Task instructions
Set every record down again exactly. Do not carry over the pictures.
(Beginning of Data for processing)
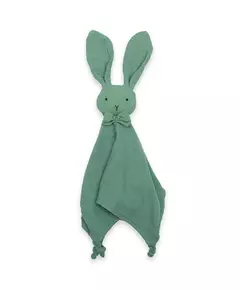 Baby Knuffeldoekje Konijn - Zacht en Groene Muslin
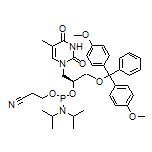 (S)-1-(4, 4’-二甲氧基三苯甲基)-3-胸苷-2-氰基乙基亚磷酰胺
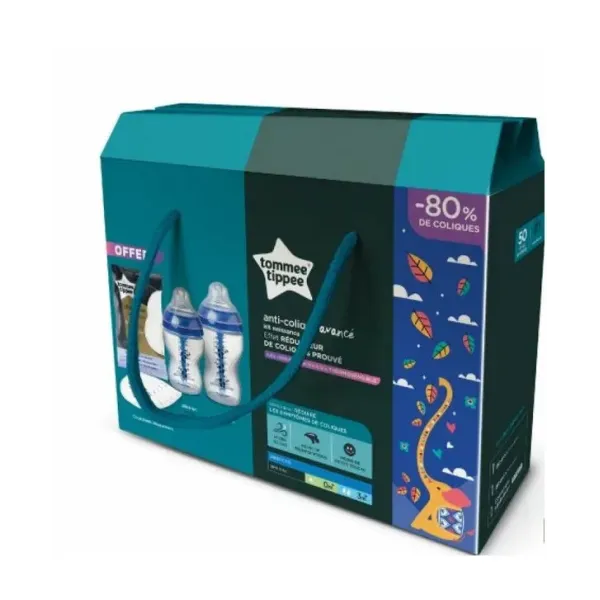 TOMMEE TIPPEE ADVANCED ANTI-COLIQUE KIT NAISSANCE  BLEU PANDA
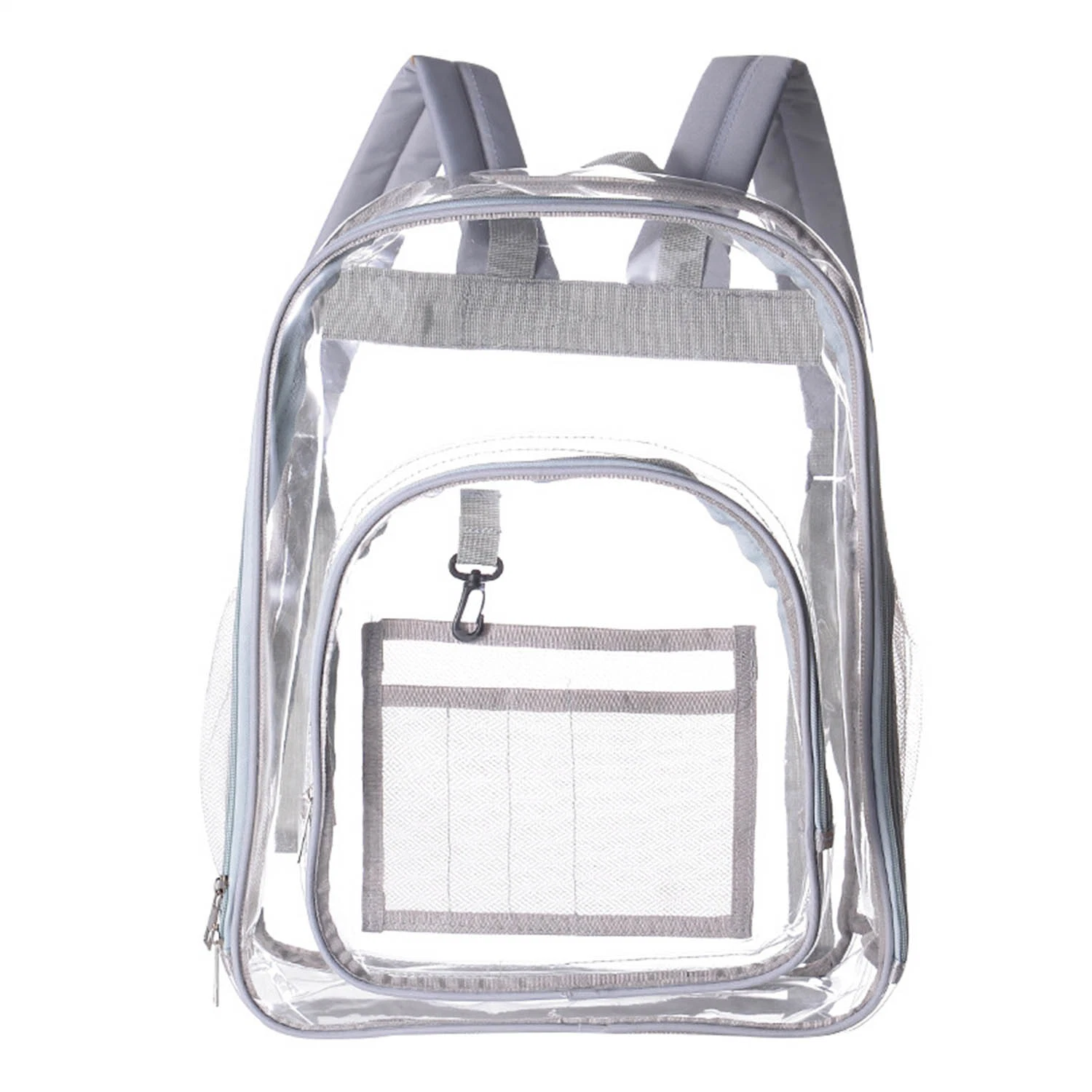 Große Kapazität klar PVC Rucksack Wasserdicht Schule transparente Büchertaschen Kinder Schultasche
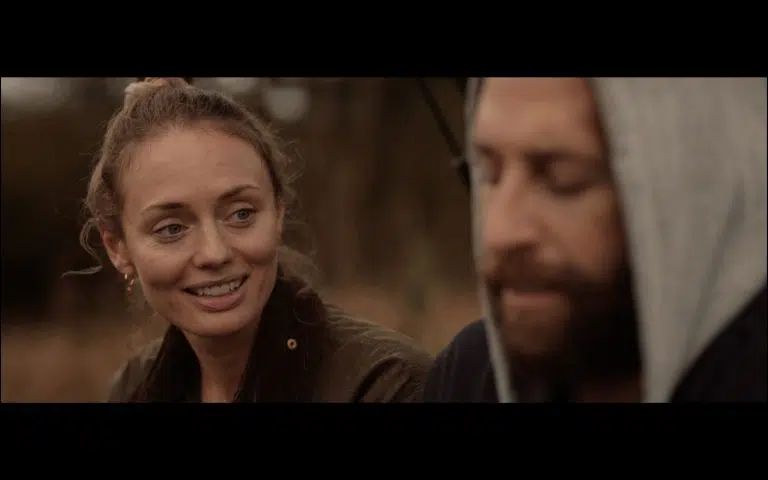 Laura Haddock on a close up-shot with Dylan Edwards from the feature film Tyger, filmed with Canon EOS C500 Mark II 5.9K Full Frame and Sigma FF Classic Prime lenses by London Cinematographer / DoP Ariel Artur.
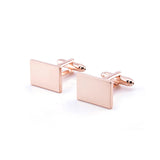 Rose Gold Rectangular Cufflinks ** Free Gift ** 玫瑰金長方形袖扣 ** 附送贈品 **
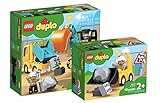 Lego Duplo - Set: 10931 Bagger und Laster + 10930 Radlader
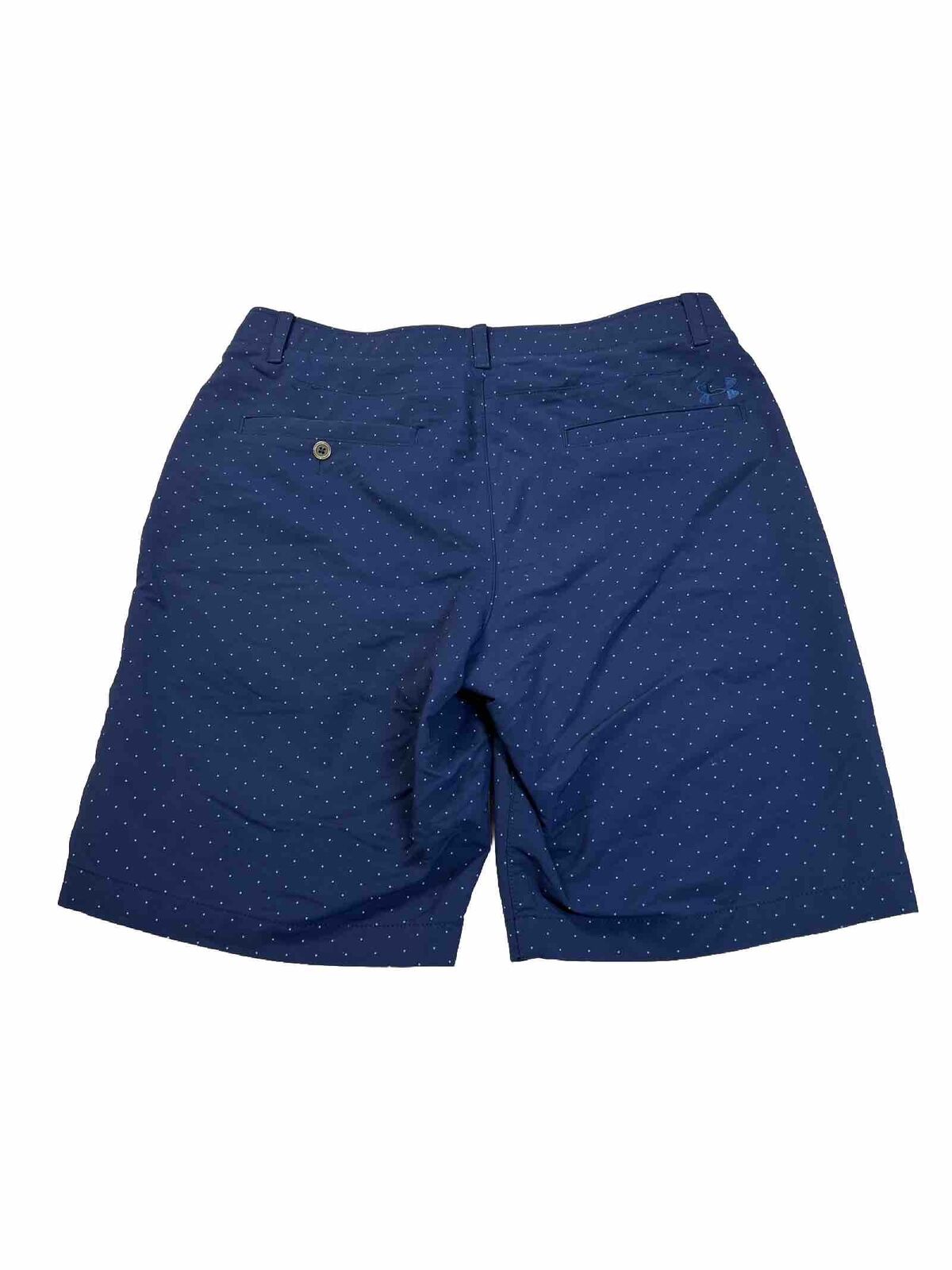 Under Armour Men's Blue Match Play Novelty Athletic Golf Shorts - 34
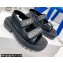 Celine Leo Scratch Sandals In Calfskin Black 2022
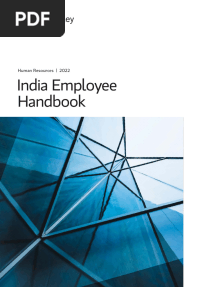 India Employee Handbook 2022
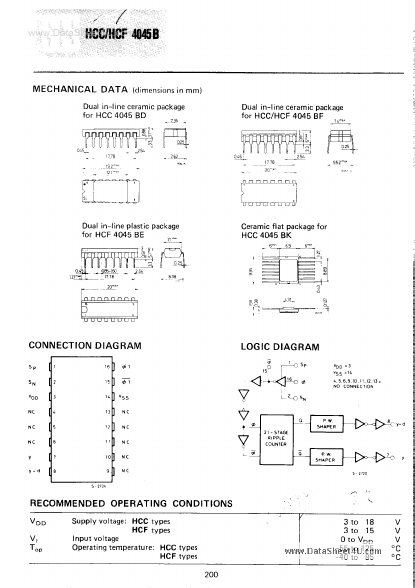 HCF4045B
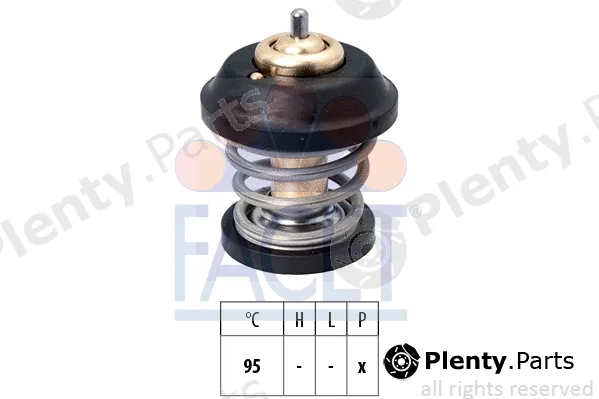 Facet 7.8743S — Thermostat, coolant Made in Italy - OE Equivalent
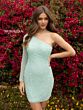 Primavera Couture 3849 One Sleeve Embellished Dress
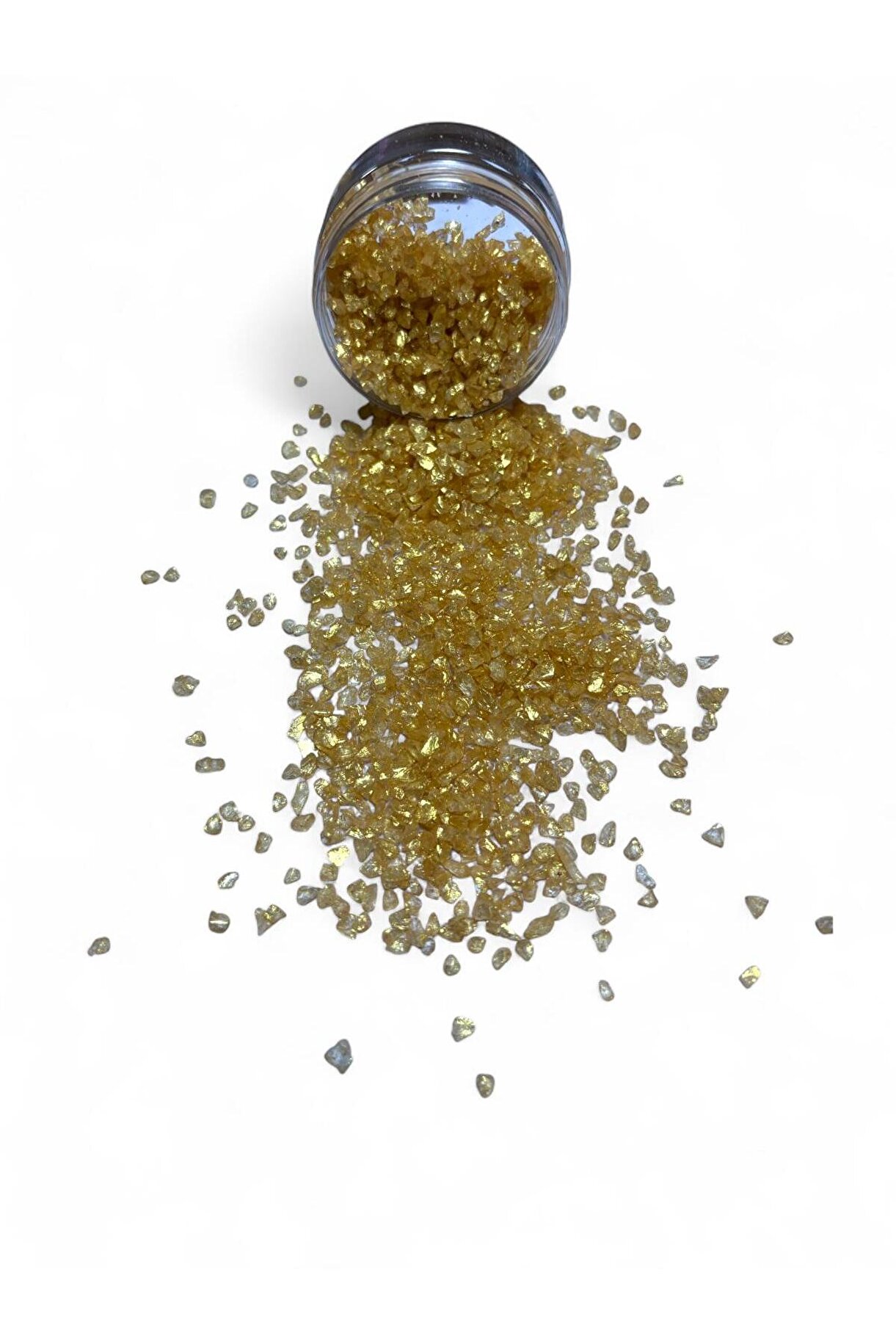 Parlak Cam Kırıkları 2-4 mm GOLD 100 gr
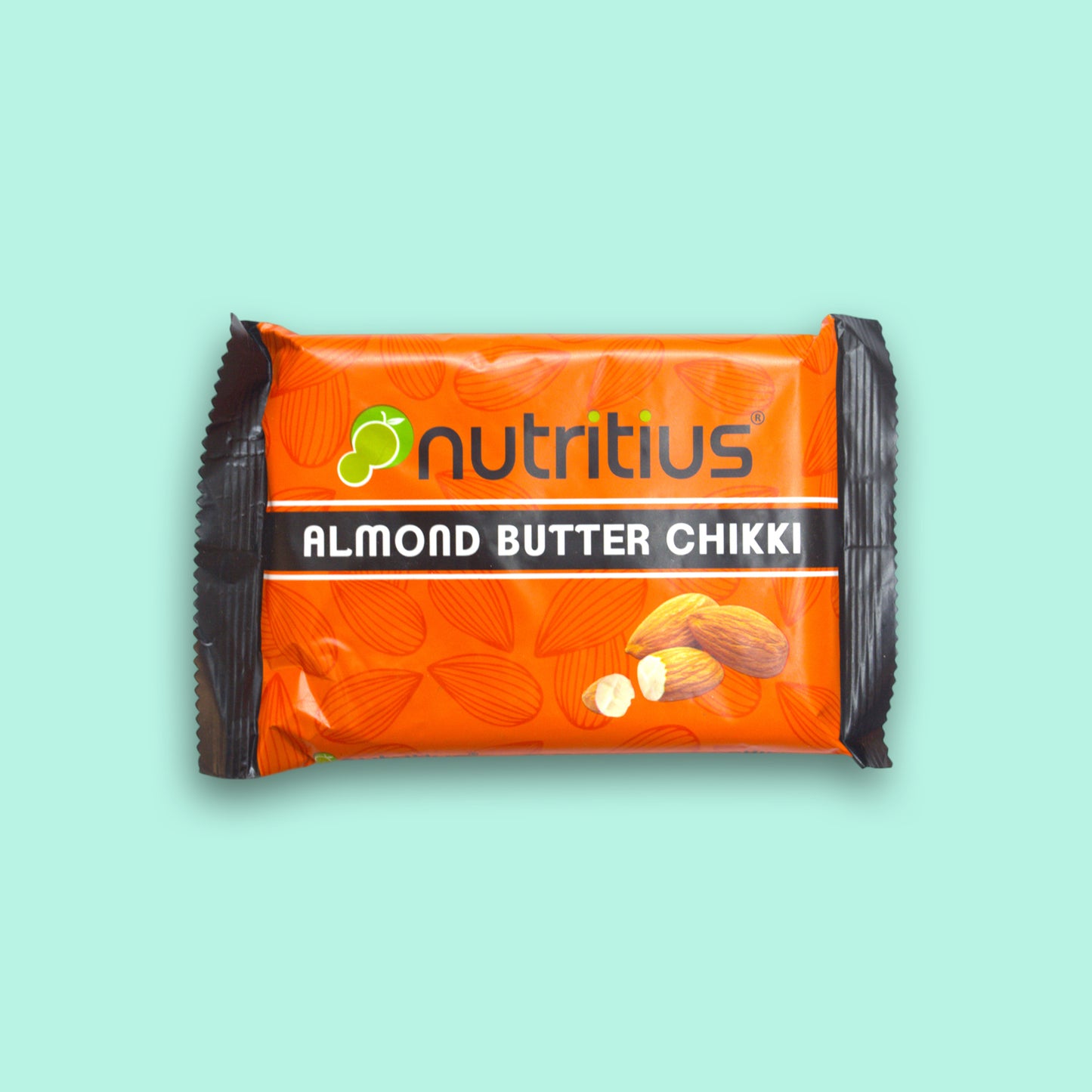 NUTRITIUS ALMOND BUTTER CHIKKI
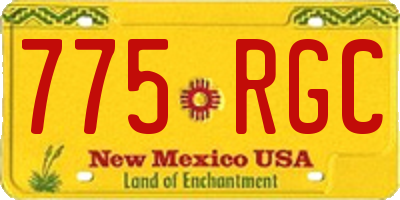 NM license plate 775RGC
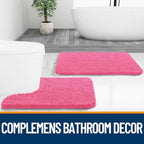 OLANLY Small Bathroom Rugs 24x16, Extra Soft Absorbent Chenille Bath Rugs - Image 7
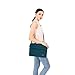 MOSISO Laptop Shoulder Bag Compatible with MacBook Pro 16 inch A2141, 15-15.6 inch MacBook Pro, Notebook, Polyester Messenger Carrying Briefcase Sleeve with Adjustable Depth at Bottom, Deep Teal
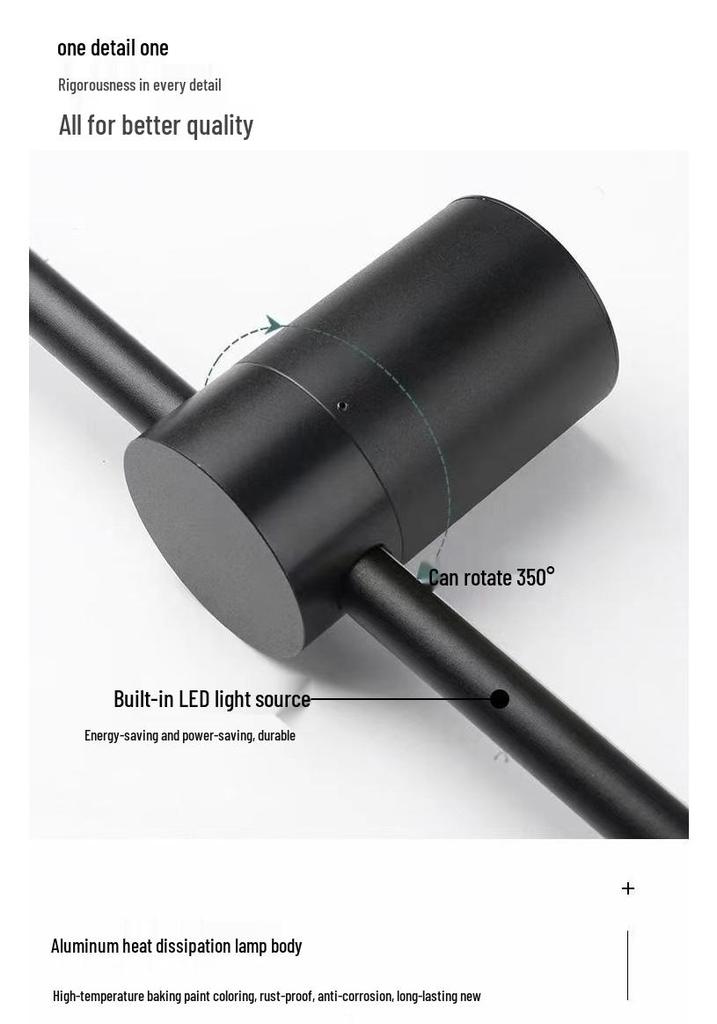 Nordic Rotatable Long Strip Wall Lamp - Modern Luxury for Living Room or Bedroom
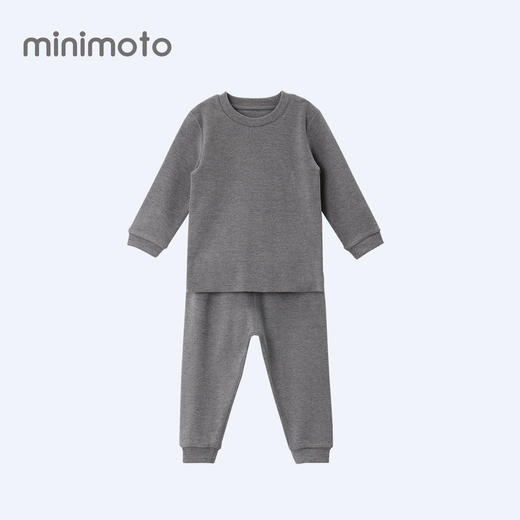 小米米内衣新款德绒保暖衣套装秋冬打底裤打底衣柔软纯色 商品图2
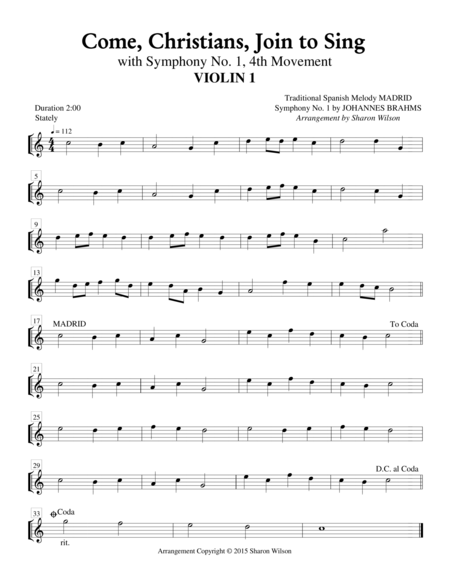 Come Christians Join To Sing For String Quartet Page 2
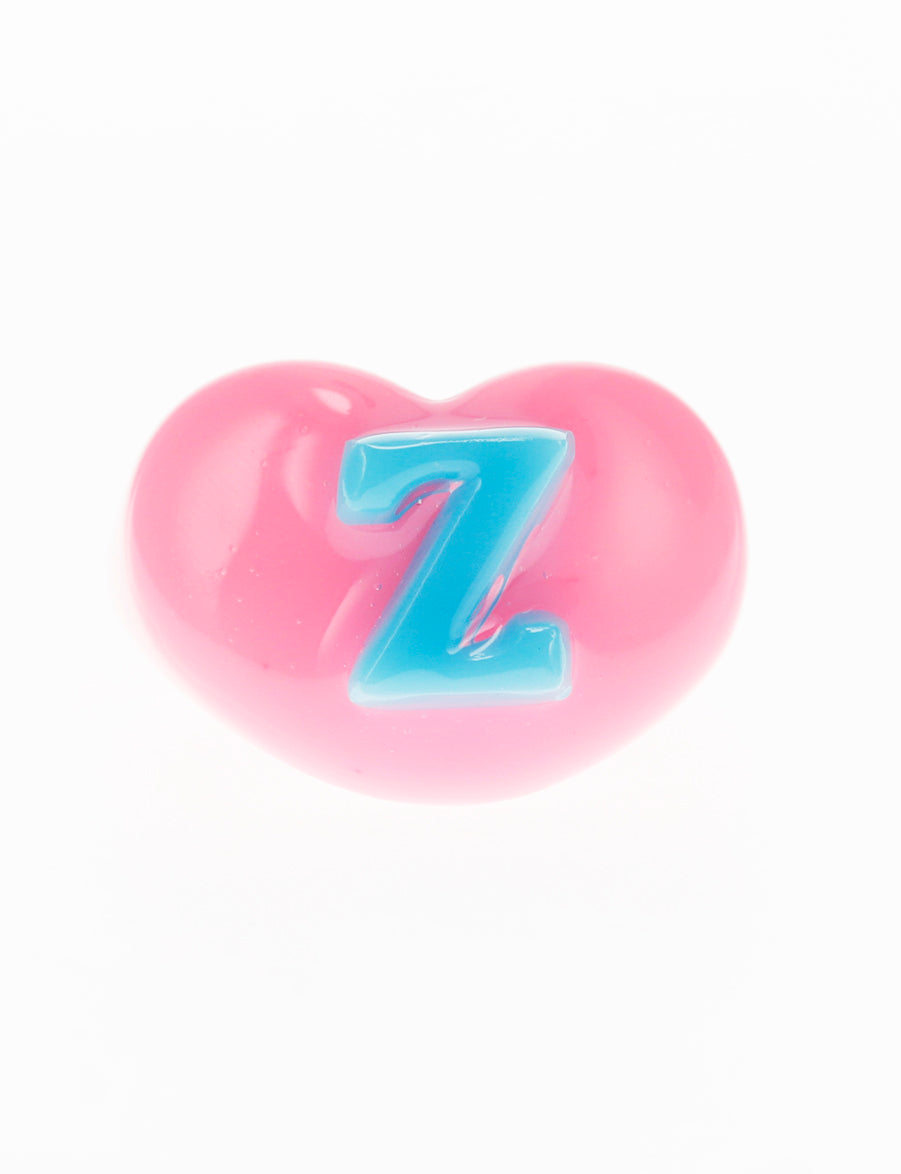 CHOOSE YOUR INITIAL PINK LUCKY RING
(End of Data for processing)
Problem solution
 Baby Knuffeldoekje Konijn - Zacht en Groene Muslin
 (S)-1-(4, 4’-二甲氧基三苯甲基)-3-胸苷-2-氰基乙基亚磷酰胺
 TOMMEE TIPPEE ADVANCED ANTI-COLIQUE KIT NAISSANCE  BLEU PANDA
 Große Kapazität klar PVC Rucksack Wasserdicht Schule transparente Büchertaschen Kinder Schultasche
 Laura Haddock on a close up-shot with Dylan Edwards from the feature film Tyger, filmed with Canon EOS C500 Mark II 5.9K Full Frame and Sigma FF Classic Prime lenses by London Cinematographer / DoP Ariel Artur.
 Rose Gold Rectangular Cufflinks ** Free Gift ** 玫瑰金長方形袖扣 ** 附送贈品 **
 Lego Duplo - Set: 10931 Bagger und Laster + 10930 Radlader
 Under Armour Men's Blue Match Play Novelty Athletic Golf Shorts - 34
 Celine Leo Scratch Sandals In Calfskin Black 2022
 India Employee Handbook 2022
 HCF4045B
 Facet 7.8743S — Thermostat, coolant Made in Italy - OE Equivalent
 Primavera Couture 3849 One Sleeve Embellished Dress
 Parlak Cam Kırıkları 2-4 mm GOLD 100 gr
 NUTRITIUS ALMOND BUTTER CHIKKI
 NM license plate 775RGC
 OLANLY Small Bathroom Rugs 24x16, Extra Soft Absorbent Chenille Bath Rugs - Image 7
 MOSISO Laptop Shoulder Bag Compatible with MacBook Pro 16 inch A2141, 15-15.6 inch MacBook Pro, Notebook, Polyester Messenger Carrying Briefcase Sleeve with Adjustable Depth at Bottom, Deep Teal
 Nordic Rotatable Long Strip Wall Lamp - Modern Luxury for Living Room or Bedroom
 小米米内衣新款德绒保暖衣套装秋冬打底裤打底衣柔软纯色 商品图2
 Come Christians Join To Sing For String Quartet Page 2
 CHOOSE YOUR INITIAL PINK LUCKY RING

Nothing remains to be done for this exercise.